▸ Dataset excerpt:
^^^^^^^^

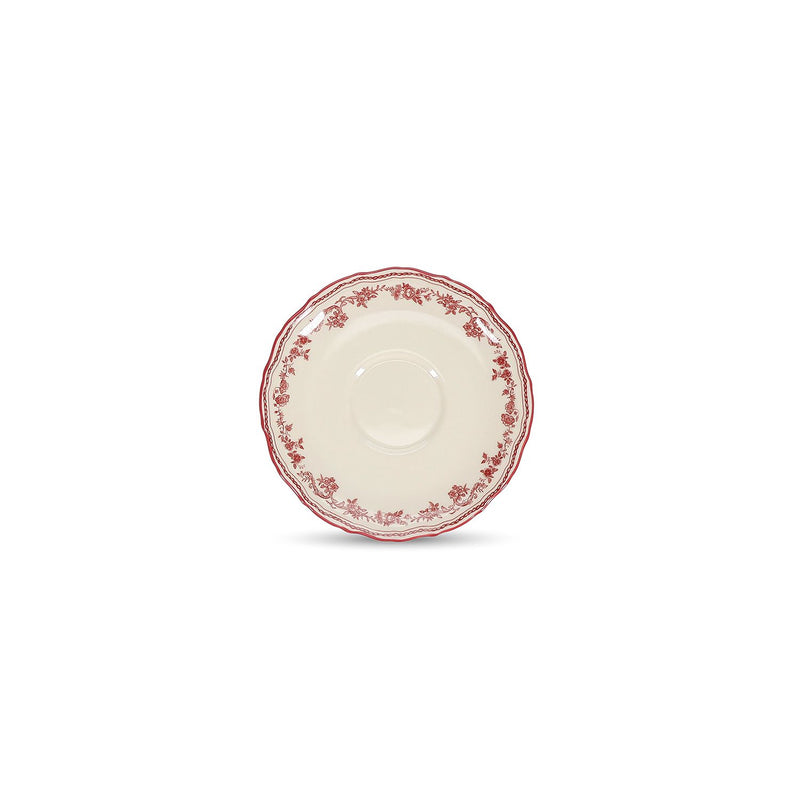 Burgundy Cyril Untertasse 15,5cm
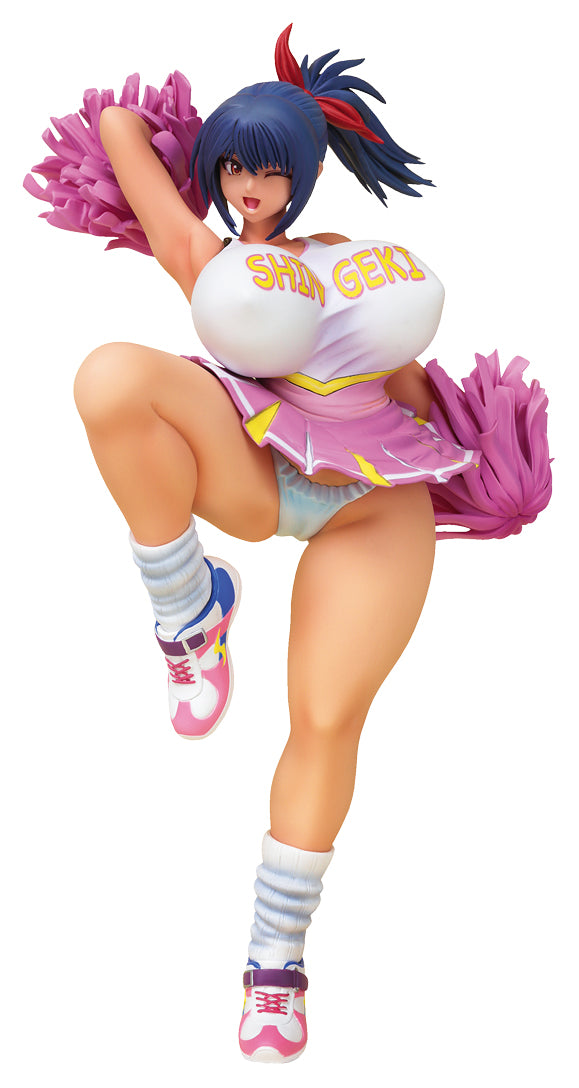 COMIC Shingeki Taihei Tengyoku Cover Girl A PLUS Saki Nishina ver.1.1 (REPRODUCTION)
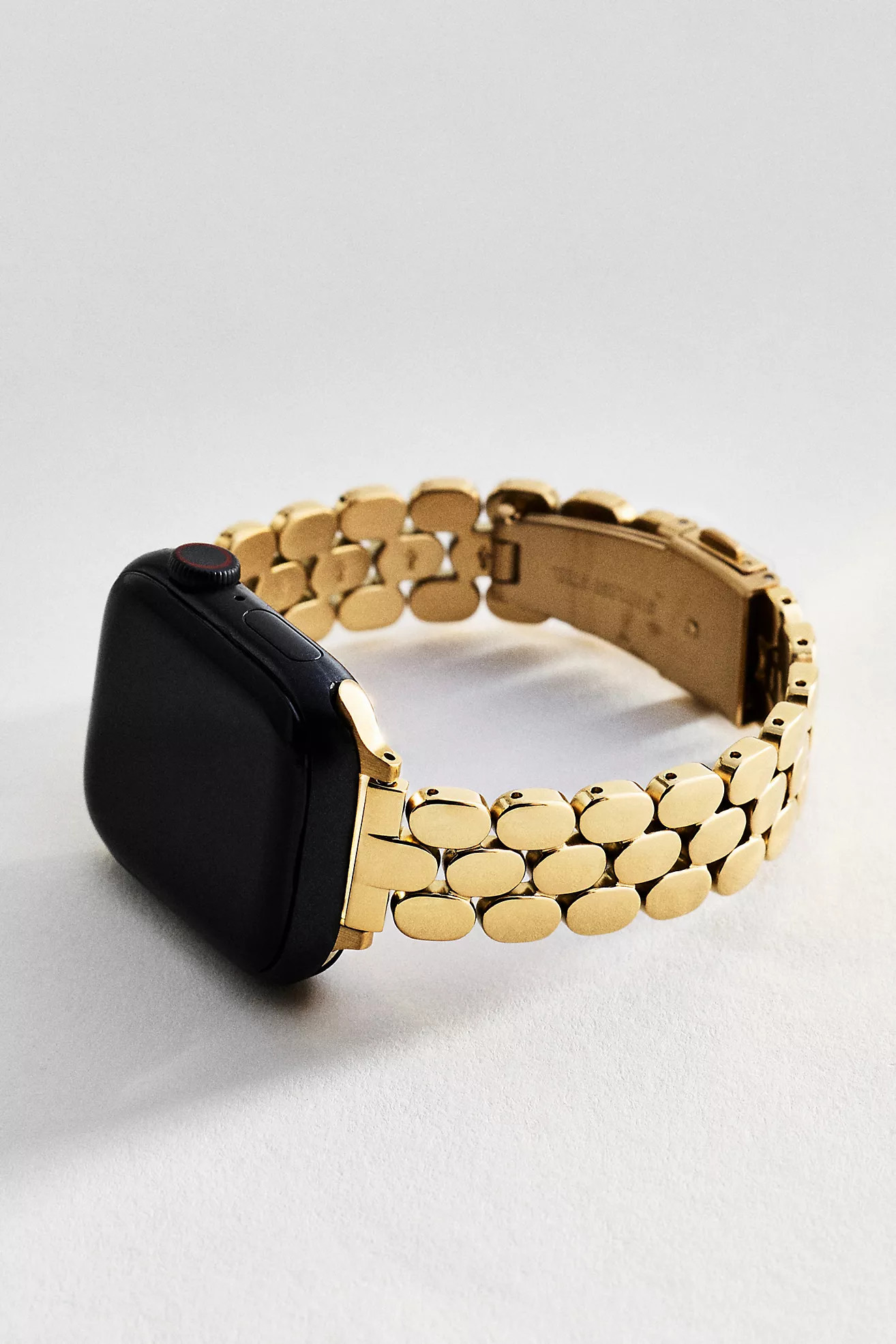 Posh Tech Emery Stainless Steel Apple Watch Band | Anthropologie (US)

^^^^^^^^

▸ Work item:
Could the data above be returned in full, exactly, with every image left out?

▸ Exercise response:
 Burgundy Cyril Untertasse 15,5cm
 COMIC Shingeki Taihei Tengyoku Cover Girl A PLUS Saki Nishina ver.1.1 (REPRODUCTION)
 Posh Tech Emery Stainless Steel Apple Watch Band | Anthropologie (US)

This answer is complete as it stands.